This repository has been archived on 2023-02-02. You can view files and clone it, but cannot push or open issues or pull requests.
mfgames-nitride-cil/src/MfGames.Nitride/Pipelines/README.md
D. Moonfire 9e93eb6ce6 refactor!: fixed missed namespaces
- reformatted code and cleaned up references
2023-01-14 18:19:42 -06:00

5.4 KiB

Pipelines

A pipeline is a set of operations that take an input of entities, performs various operations and transformations on them, and then returns a resulting list of entities which may or may not be the original ones. For pipelines that read files from the disk, the input may be empty. The output from the final pipelines may never be used.

A simple pipeline may:

  1. Load all the Markdown files to a disk.
  2. Convert the files into HTML.
  3. Write them out to a different location.

A pipeline implements the IPipeline interface or extends the convenience class Pipeline.

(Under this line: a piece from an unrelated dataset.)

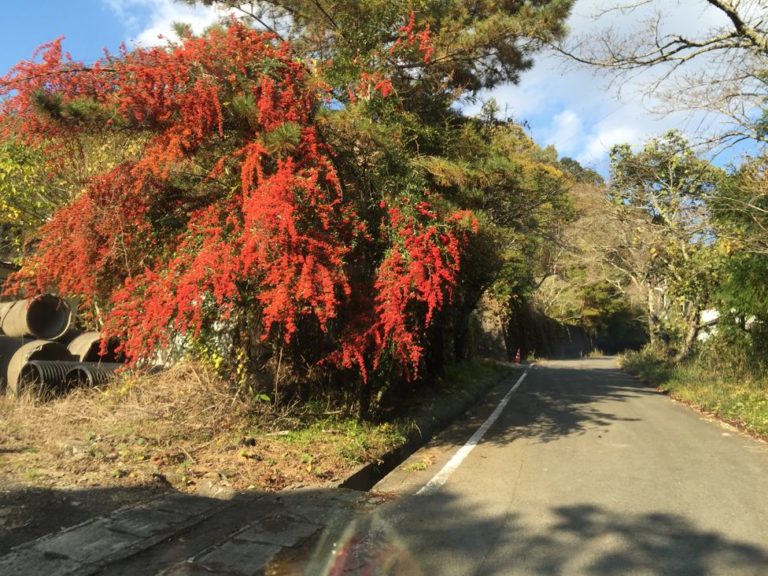 四国歩き遍路日記45日目-21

using MfGames.Nitride.Pipelines;

public class LoadFilesPipeline : Pipeline {}

Dependencies

Pipelines can be chained from another pipeline or from multiple pipelines. This chaining may be for organization purposes or the output from one pipeline may end up being fed into multiple pipelines. A pipeline may have 0-n pipelines it depends on.

var loadPipeline = new Pipeline();
var htmlPipeline = new Pipeline().AddDependency(loadPipeline);
var geminiPipeline = new GeminiPipeline(loadPipeline);

public class GeminiPipeline : Pipeline
{
    public GeminiPipeline(Pipeline loadPipeline)
    {
        this.AddDependency(loadPipeline);
    }
}

Since Nitride is built around dependency injection, the constructor is the place where the dependencies are typically set up.

ContainerBuilder builder;

builder.RegisterInstance<LoadPipeline>().AsSelf();
builder.RegisterInstance<GeminiPipline>().AsSelf();

IContainer container = builder;

var loadPipeline = new Pipeline();
var geminiPipeline = container.Resolve<GeminiPipeline>();

public class GeminiPipeline : Pipeline
{
    public GeminiPipeline(LoadPipeline loadPipeline)
    {
        this.AddDependency(loadPipeline);
    }
}

With the dependencies, pipelines are assumed to be directional, acyclic graph (DAG). This means that there are no circular dependencies and the code can determine the "entry" pipelines that will feed into the others until the processes are complete.

The DAG is also used to determine what is rebuilt during development. Only pipelines affected (including dependencies) by a change will be re-run to keep the process running as quickly as possible.

Processing

The primary purpose of the pipeline is to process the entites. This method is rather simple:

public async Task<IEnumerable<Entity>> RunAsync(
    IEnumerable<Entity> entities)
{
    return entities;
}

(For purposes of this document, async is added to all the methods even if the example would be better suited without it and using Task.FromResult() instead.)

Identifying Source Pipeline

Because of how entities are passed around, a pipeline that depends on two other ones may have the same entity in both streams. Without any alteration, this will result in duplicate entities with no ability to determine which entity came from which pipeline.

To mark an entity as being processed by a pipeline, a simple component can be added as needed using the AddComponents extension method on the collection to add the pipeline or some other indicator.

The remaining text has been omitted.